The problem has been existing for many years, and not limited to 512-bit vector. But it's getting serious for 512-bit vector ABI in the future AVX10 targets
[spec, technical paper]. Because the AVX10-256 is a general setting for binaries that can run on both AVX10-256 and AVX10-512. It would be common that binaries compiled with AVX10-256 link with native built binaries on AVX10-512 targets in the future.
To avoid the potential undetectable linking catastrophes, we should improve the ABI by unifying it on both AVX10-256 and AVX10-512 targets. Here are proposals to solve it.
Proposals
Proposal 1: Promote attribute from AVX10-256 to AVX10-512 for any function which has 512-bit or above vectors in passing/returning arguments.
Problem: Binary cannot run on AVX10-256 only target.
Reason:
When user tries to pass/return 512-bit vector, they should be aware of it will become target dependent. User should be taught not to use it on 256-bit targets and there will be unexpected things happening if they insist.
Actually, ICC and MSVC already have chosen to promote for the argument:
https://godbolt.org/z/vcrf9qW5z I think if compiler have to choose the misbehavior between fail in result and crash due to illegal instruction, the latter is definitely better than the former.
In this way, we can also declare x86-64-v5 is inherit from x86-64-v4 and has the interaction with previous versions.
Proposal 2: Abort compilation when user tries to pass/return 512-bit vectors.
Reason: This turns pential run time crash into compile time error.
Proposal 3: Change the ABI of 512-bit vector and always be passed/returned from memory.
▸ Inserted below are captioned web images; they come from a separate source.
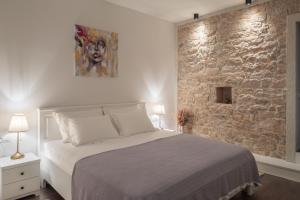 1 dormitorio con cama y pared de piedra en Casa di Pietra, en Šibenik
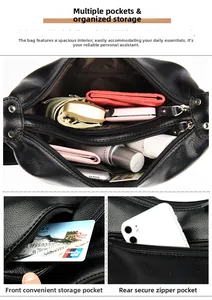 Detail of multi-pocket interior storage and pebble grain leather on black shoulder bag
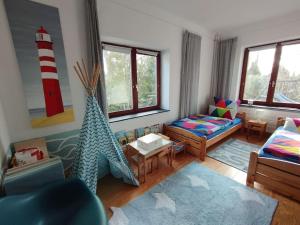 a living room with a couch and a red and white lighthouse at Ferienwohnung Birklund in Probsteierhagen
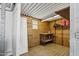 Interior of shed with plywood walls, shelves, a workbench, storage, and a small window at 4187 E Triple Crown Dr, San Tan Valley, AZ 85140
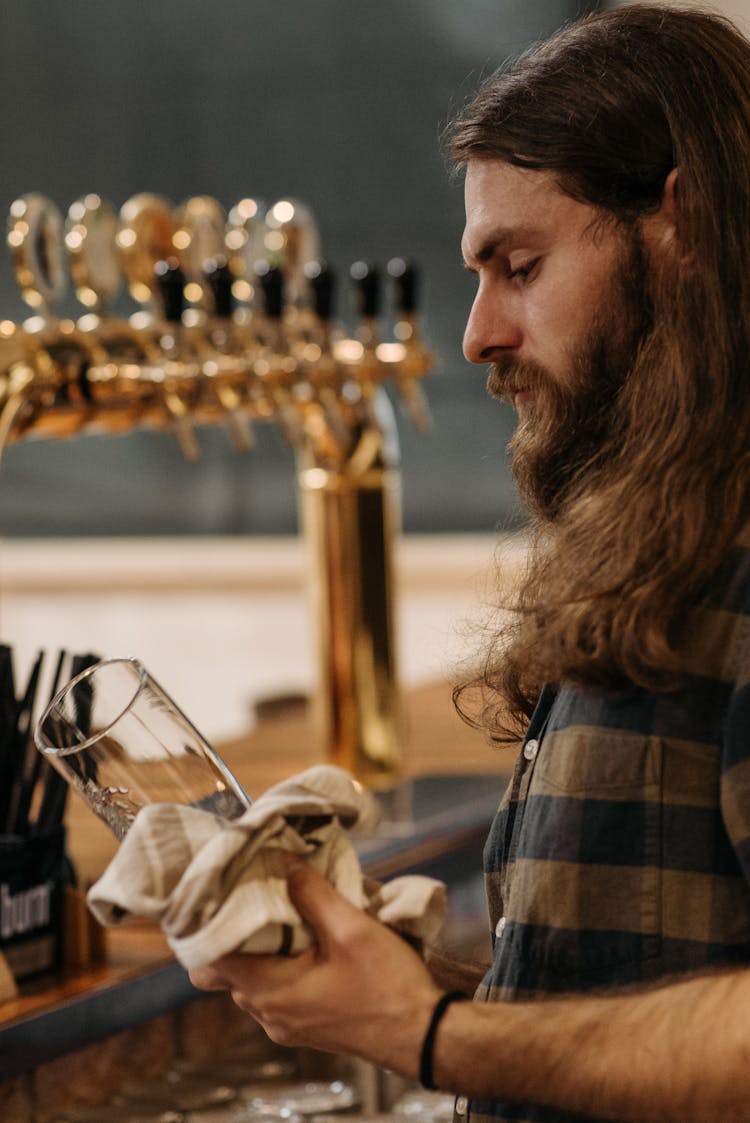 Man Cleaning A Drinking Glass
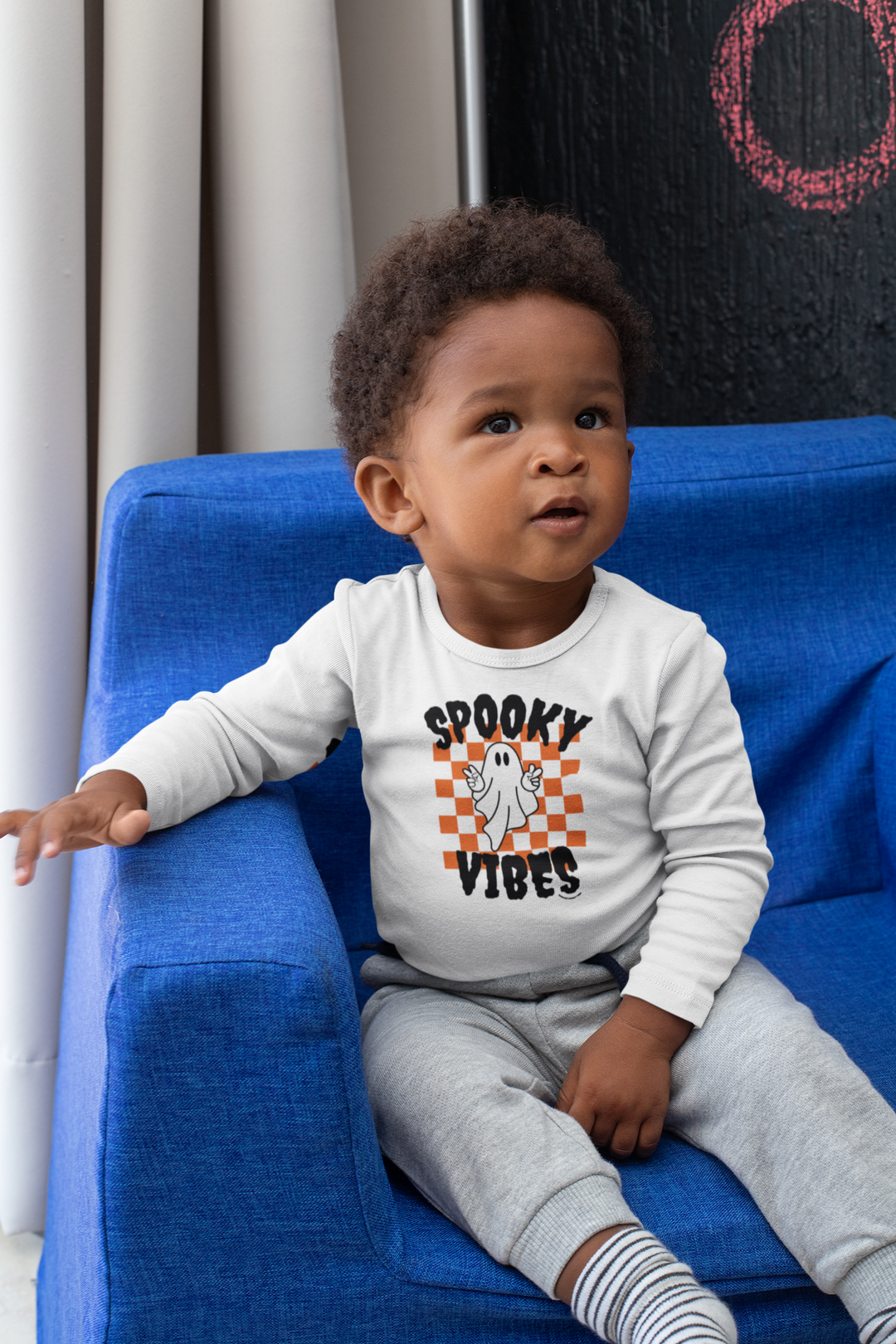 A spooky vibes long-sleeved onesie for infants, featuring a ghost design on a blue chair. Made of soft, durable fabric with plastic snaps for easy changing. Ideal for baby's comfort and style.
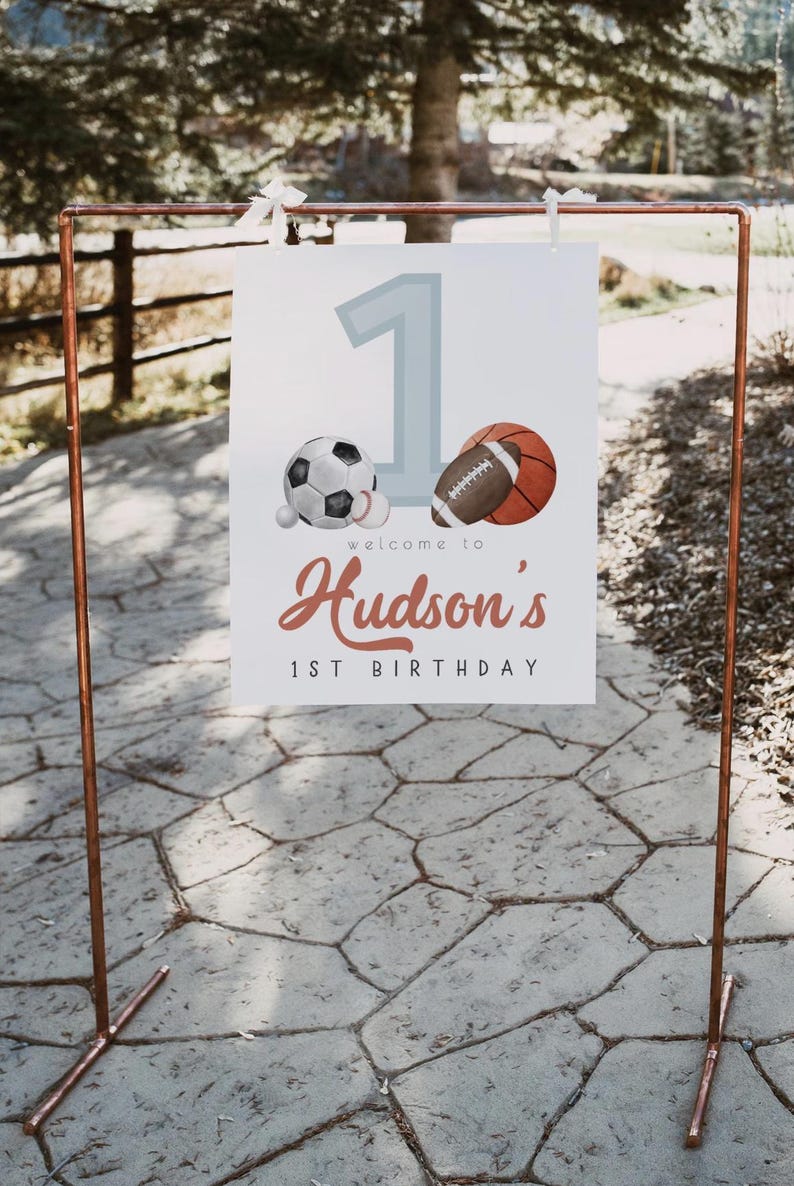 May include: A white sign with a blue number one, a soccer ball, a baseball, and a basketball. The sign says "Welcome to Hudson's 1st Birthday".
Reason: We expect AVX10-256 is a universal configuration and in most scenarios, 512-bit vector won't bring performance improvements. So we can sacrifice a little 512-bit performance to achieve the interaction between AVX10-256 and AVX10-512. In this way, there won't have any runtime issue in the future either.
Summary
My preference is proposal 1 is better than proposal 2 and proposal 3 is the lest choice becaue 512-bit ABI on 512-bit targets is widely used everywhere.